Brunetti casi no la oía.

—Es lo que dice mi mujer. —Al ver que ella no le seguía, agregó, a modo de explicación—: Sobre el poder. —Y, cuando ella entendió, él preguntó—: Perdone, ¿qué decía del
vicequestore
?

—Se ha aplazado la visita del jefe de policía suizo.

—Ah, lo había olvidado por completo. Gracias,
signorina.
—Sin añadir palabra, él puso la carpeta encima de la mesa y volvió a su despacho en busca del abrigo. Mientras subía la escalera, Brunetti pensaba en lo fácil que es ceder a la tendencia nacional de ver intrigas y grandes confabulaciones por doquier y pasar por alto al malvado aislado que se te cruza en el camino. ¡Cuánto más fácil es culpar a un sistema que a un individuo!

Esta vez le abrió la puerta un hombre de mediana edad, vestido —supuso Brunetti— con hábito monacal pero que en realidad parecía disfrazado con unas faldas chapuceras. Cuando Brunetti le expuso su deseo de hablar con el padre Pio, el portero juntó las manos e inclinó la cabeza sin decir palabra y condujo al visitante por el patio, en el que hoy no se veía al jardinero y el perfume de las lilas era aún más penetrante. Dentro de la casa, el dulce aroma de las flores se mezclaba con los olores del incienso y la cera. Por el pasillo, adelantaron a un hombre joven que andaba en su misma dirección. Los dos religiosos se saludaron con un silencioso movimiento de cabeza que a Brunetti le pareció mera afectación piadosa.

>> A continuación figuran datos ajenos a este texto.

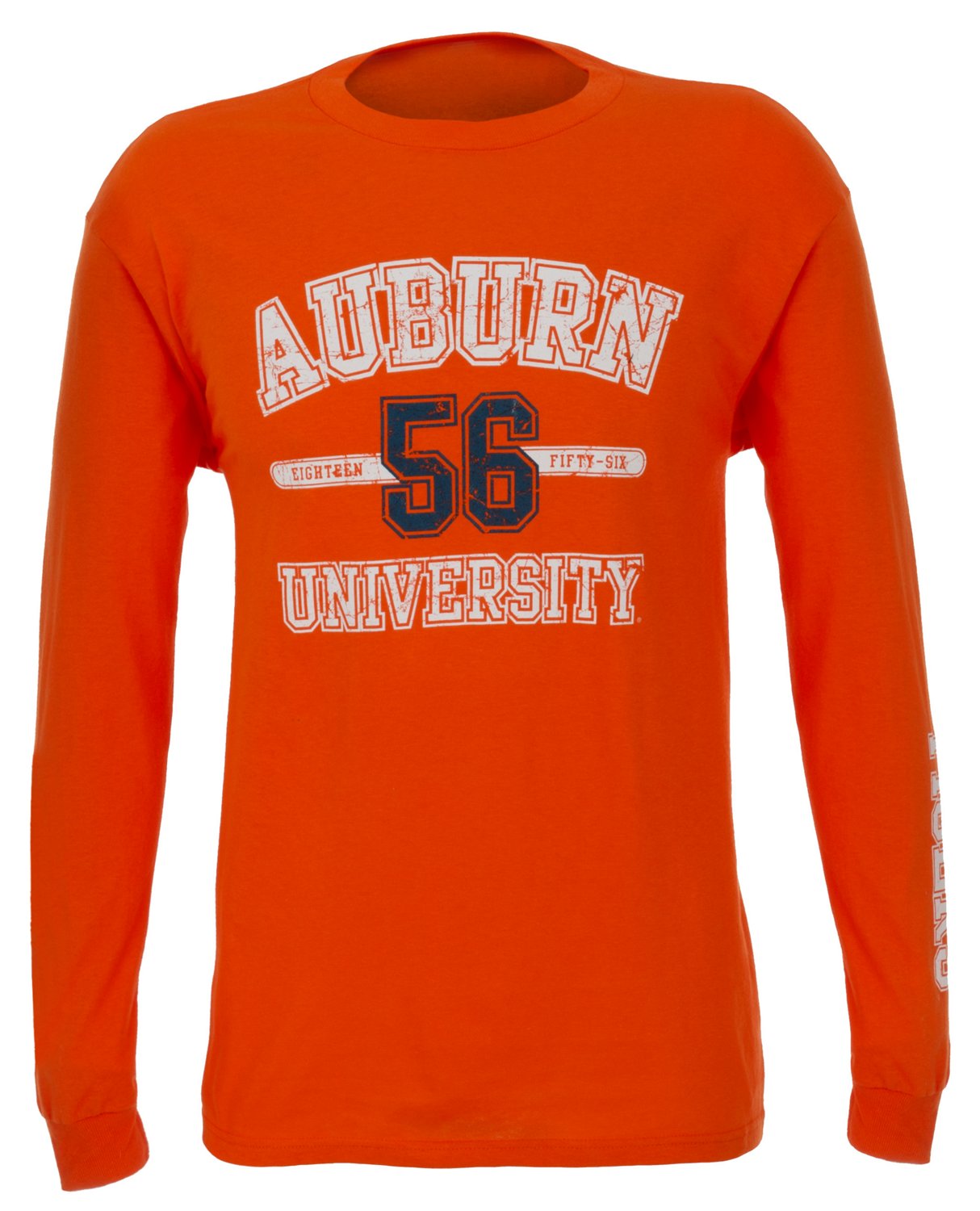 Viatran Auburn University Horatio T-shirt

El hombre, al que Brunetti consideraba ya el hipócrita mudo, se paró delante de la puerta del despacho del padre Pio y, con un movimiento de la cabeza, indicó a Brunetti que podía pasar. Cuando éste entró, sin molestarse en llamar, encontró las ventanas cerradas y observó que de la pared del fondo colgaba un Jesús crucificado, imagen que desagradaba a Brunetti de modo especial.

Minutos después, se abrió la puerta y entró en el despacho el padre Pio. Tal como Brunetti recordaba, aquel hombre llevaba el hábito con soltura, como si se sintiera cómodo con él. Una vez más, llamaron la atención de Brunetti los labios carnosos, pero, al igual que en su visita anterior, advirtió que la personalidad de aquel hombre residía en los ojos, entre verdes y grises, vivos e inteligentes.

—Celebro volver a verlo, comisario —dijo el sacerdote—. Gracias por su mensaje. La recuperación de
suor
Immacolata es sin duda la respuesta a nuestras plegarias.

Brunetti dominó la tentación de empezar la conversación pidiendo que se ahorrara la retórica de la hipocresía religiosa y se limitó a decir:

—Me gustaría que me respondiera a unas cuantas preguntas más.

—Con mucho gusto. Siempre y cuando, como ya le dije, ello no me obligue a divulgar información sagrada. —Brunetti notó que, aun sin dejar de sonreír, el sacerdote había advertido la diferente actitud de Brunetti.

—No; no creo que esta información sea en modo alguno privilegiada.

—Bien. Pero, ante todo, no hay razón para seguir de pie. Vamos por lo menos a buscar la comodidad. —El sacerdote condujo a Brunetti a los dos sillones de la otra vez y, ladeándose el hábito con soltura, se sentó, buscó con la mano derecha el rosario debajo de la escápula y se puso a pasar las cuentas entre los dedos—. ¿Qué desea saber, comisario?